24th December, Fiji, Naviti (Yasawas Group)
Just as we had expected, we awoke to blue skies in the morning. Last night's torrential rain showed no sign of reappearing in a hurry (but then we'd been surprised by it yesterday evening too!).
Manda was feeling a little bit woozy this morning - the boat had been rocking a bit too much for her to consider snorkelling just yet. Instead I went out just off the boat with Sylvie. Previously, we'd been taken by the transfer boat further over toward the shore where the water is shallower and the coral is closer to investigate.
Even though it had rained, the water was not murked up in any way, and I rarely simply stay floating at the surface when snorkelling. My favourite thing about snorkelling is spotting something deeper underwater, taking a few lungfuls of air then diving down to take a good look. The boat was sitting in water that was about 7 metres deep, and some of the coral directly underneath the boat reduced the depth to between 5 and 6 metres. This was perfect for me.
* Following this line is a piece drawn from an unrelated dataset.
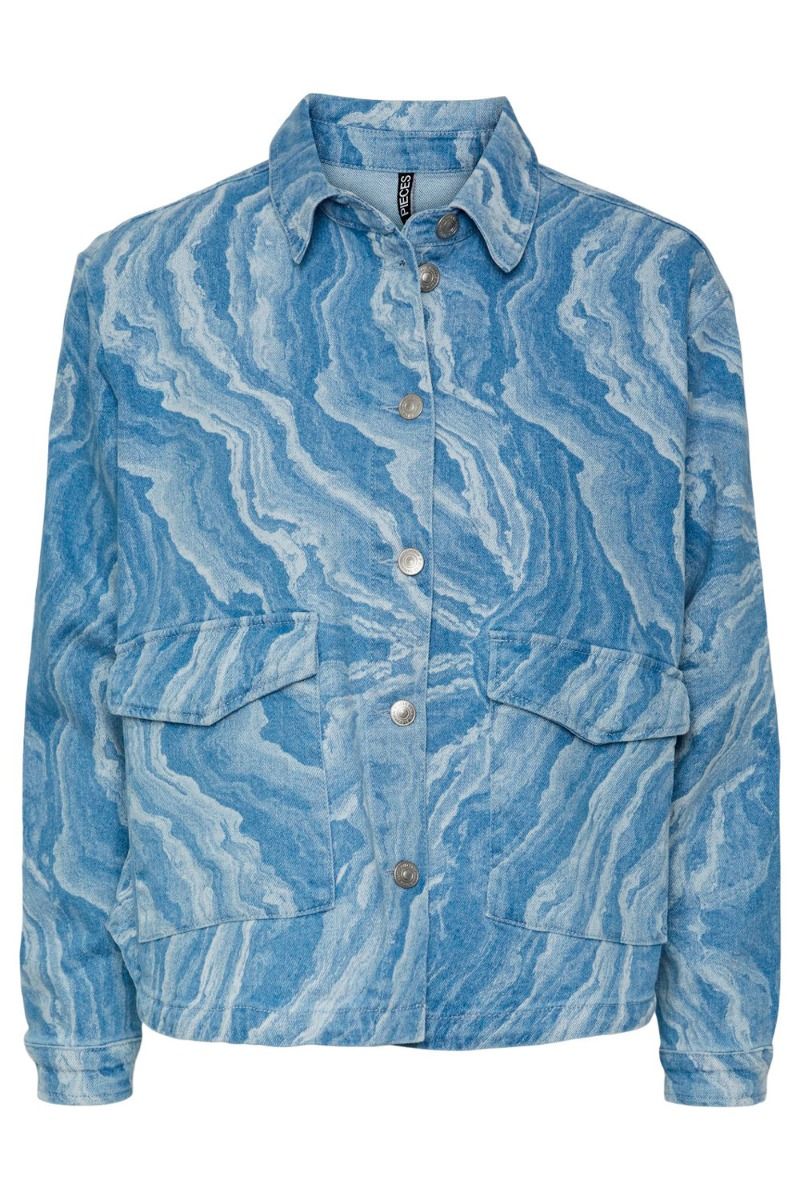 Pieces - Skjorte - PC Ditte LS Denim Shirt - Light Blue Denim Water Print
I spent the next hour diving straight down then stopping, vertical, upside-down, facing a reef teeming with fish. Looking down (as in, back to the surface), I could see the morning light shimmering off the water. The current was not too strong, but it was easy for me to maintain this upside-down position, with my head in a cloud of fish just drifting along with them wherever the current took them. Somewhere in the distance I could hear dolphins chirping away to each other. I kept a look out for them, but the sound could easily have travelled for a mile or two - perhaps more - so I had to settle for watching the smaller fish. Simply fantastic - it's just a shame having to come back up for breath.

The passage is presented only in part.